Risotto al Castelmagno e noci

A casa mia, in ogni stagione, non mancano mai i risotti. A seconda del periodo e degli ingredienti ne sperimentiamo sempre qualcuno nuovo e, se ci piace, entra definitivamente nella nostra raccolta di ricette.
Ora, prendete la mia passione per i formaggi, unitela al risotto ed eccone – tra i tanti – uno con il Castelmagno e le noci, tra i miei preferiti per l’autunno e l’inverno.

Il Castelmagno DOP è un formaggio piemontese a latte misto (di vacca con aggiunta di capra o pecora), a pasta semidura e piuttosto friabile. Può essere più o meno stagionato e il suo sapore diventa molto più intenso con il passare dei mesi. Nelle forme più stagionate può avere anche un’erborinatura che si crea in modo del tutto naturale.
Conosciuto almeno fin dal XIII secolo, è un altro di quei formaggi con una lunga storia che attraversa le nostre culture e tradizioni.

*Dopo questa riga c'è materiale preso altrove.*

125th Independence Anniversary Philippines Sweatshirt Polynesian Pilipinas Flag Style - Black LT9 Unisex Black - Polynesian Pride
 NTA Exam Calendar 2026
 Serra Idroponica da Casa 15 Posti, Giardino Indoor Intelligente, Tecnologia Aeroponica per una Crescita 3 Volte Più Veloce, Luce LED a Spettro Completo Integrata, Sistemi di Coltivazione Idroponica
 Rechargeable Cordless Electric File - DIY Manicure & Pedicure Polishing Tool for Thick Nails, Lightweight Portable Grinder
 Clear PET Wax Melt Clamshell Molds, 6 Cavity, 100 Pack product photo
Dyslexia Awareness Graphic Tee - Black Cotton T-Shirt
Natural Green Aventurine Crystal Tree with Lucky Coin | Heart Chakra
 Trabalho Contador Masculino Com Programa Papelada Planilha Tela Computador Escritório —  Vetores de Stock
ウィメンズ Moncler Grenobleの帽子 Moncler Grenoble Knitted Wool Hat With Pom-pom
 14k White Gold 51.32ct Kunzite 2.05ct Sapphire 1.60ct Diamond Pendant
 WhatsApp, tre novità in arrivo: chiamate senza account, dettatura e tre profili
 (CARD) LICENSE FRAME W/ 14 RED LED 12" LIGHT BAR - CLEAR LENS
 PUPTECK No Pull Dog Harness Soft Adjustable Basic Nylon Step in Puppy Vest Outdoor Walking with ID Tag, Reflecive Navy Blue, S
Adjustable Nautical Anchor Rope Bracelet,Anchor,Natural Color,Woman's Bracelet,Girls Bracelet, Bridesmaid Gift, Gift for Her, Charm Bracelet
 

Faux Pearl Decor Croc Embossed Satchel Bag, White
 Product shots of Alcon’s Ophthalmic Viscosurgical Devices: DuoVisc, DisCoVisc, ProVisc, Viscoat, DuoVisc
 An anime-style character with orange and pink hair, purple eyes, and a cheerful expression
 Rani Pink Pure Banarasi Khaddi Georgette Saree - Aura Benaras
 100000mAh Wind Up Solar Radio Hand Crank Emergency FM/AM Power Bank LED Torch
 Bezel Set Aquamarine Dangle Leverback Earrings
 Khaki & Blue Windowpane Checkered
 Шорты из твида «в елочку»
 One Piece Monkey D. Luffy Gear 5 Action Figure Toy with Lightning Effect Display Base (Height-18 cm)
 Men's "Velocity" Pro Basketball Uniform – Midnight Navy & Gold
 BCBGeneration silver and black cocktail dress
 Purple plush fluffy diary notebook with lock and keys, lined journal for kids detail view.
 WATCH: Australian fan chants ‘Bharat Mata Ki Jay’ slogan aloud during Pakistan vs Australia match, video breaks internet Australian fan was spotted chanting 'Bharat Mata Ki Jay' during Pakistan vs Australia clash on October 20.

Forse non ci fermiamo abbastanza a pensare a ciò che mangiamo, da dove viene o, addirittura, da quale secolo… Io, ogni volta che scopro informazioni particolari di questo tipo, mi rendo conto di quanto ci sia dietro ad ogni pietanza: quanta intelligenza e, a volte, persino quanta casualità abbia portato alla sua realizzazione.Patrimonio da conservare e da valorizzare, chiaramente mettendosi all’opera in cucina!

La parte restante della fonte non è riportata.